Building muscle doesn’t just happen from lifting weights. Much of it is about the period of recovery afterwards, and giving your body what it needs to repair and grow your muscles. It’s about the food you give yourself. The sleep you get. All of these things are just important as the actual weight lifting.

It’s also critical to make sure you pay attention to the signs your body is sending you. Don’t push it when it needs additional time for healing. While these rules hold true for weight lifting, they also apply to our bodies at work. You may be busy with a project that’s taking all of your time, but you still need to make time to give your body what it needs. The right nutrition, the right rest, and breaks when they’re required. If you don’t, the repercussions (like becoming sick and missing work) will likely set you back further than the time required to make time for your own needs.

Don’t Always Bet On Trends Continuing

For a while I was adding 5lbs to my bench each week. For 8 weeks I saw an increase week-over-week. It was awesome. Then I had a week where I wasn’t able to add to my bench. Just because I was able to lift another 5lbs each week previously, didn’t mean it was a given with each coming week. Trends change. You won’t always see improvement after improvement, and that’s OK. It’s fine to take notice and follow trends, but don’t be surprised when they don’t continue forever. And be ready to adjust when they don’t.

Focus On Accomplishments, Don’t Dwell On Failure

When I failed to continue adding 5lbs to my lift each week, I got down on myself. I worried I’d hit a plateau and that I wouldn’t be able to continue my great progress. While I was focused on what I failed to do, I didn’t think about the awesome things I had done. I’d increased my bench every week for 2 months straight! I’d added 40lbs to my lift in just 60 days. Most people would kill to be able to see gains like that. It wasn’t until I put the failure aside and focused on the accomplishments that I was able to get my head back in the game and continue to great progress I was making.

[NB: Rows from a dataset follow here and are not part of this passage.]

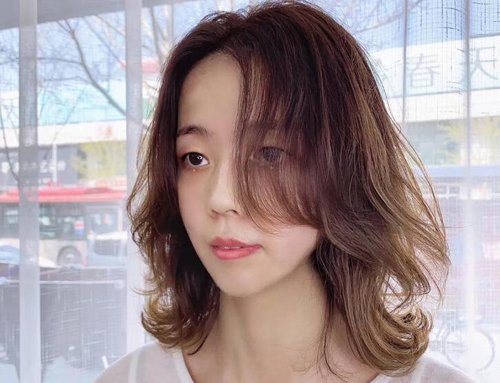 头顶头发少女生适合的中短烫发图片 慵懒气质头发瞬间变多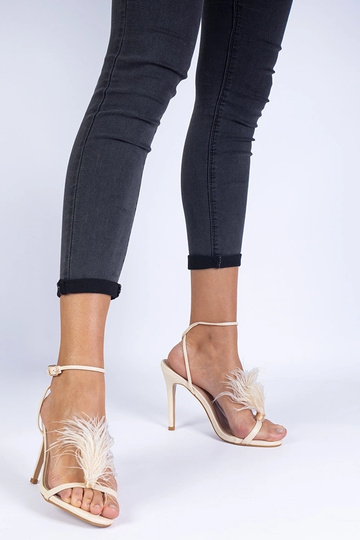 Sandales à talons hauts... 2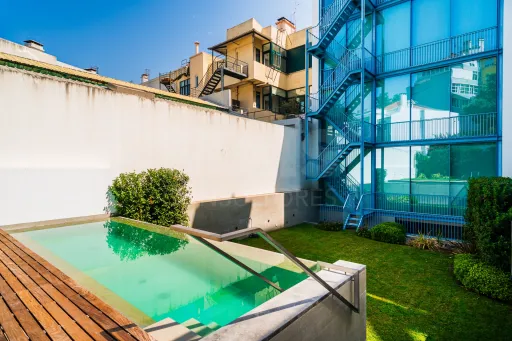 T4 Duplex de Luxo com Piscina – Avenidas Novas, Lisboa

Celebrate Success, Then Set A New Goal

When I first benched 225lbs it was a huge personal accomplishment. It was a number I was shooting to hit for a long time, it took a lot of work and many little successes to get there. But once the celebration was done, it was time to set a new goal. 315lbs it was.

Success is awesome! You hit your goal and you deserve to be happy and recognize it. But once the celebration is done, it’s time to set a new goal and start the process again. If you don’t, you’ll be standing still, while others pass you by.

Lifting Lessons

The gym can teach you far more than just how to lift big weights. There are a lot of lessons that can be applied to the rest of your life too. The routine, the discipline, and the hard work involved can all show us how to be better in many of the things we do. Take a look at your hobbies, find the lessons, and apply them to other areas of your life.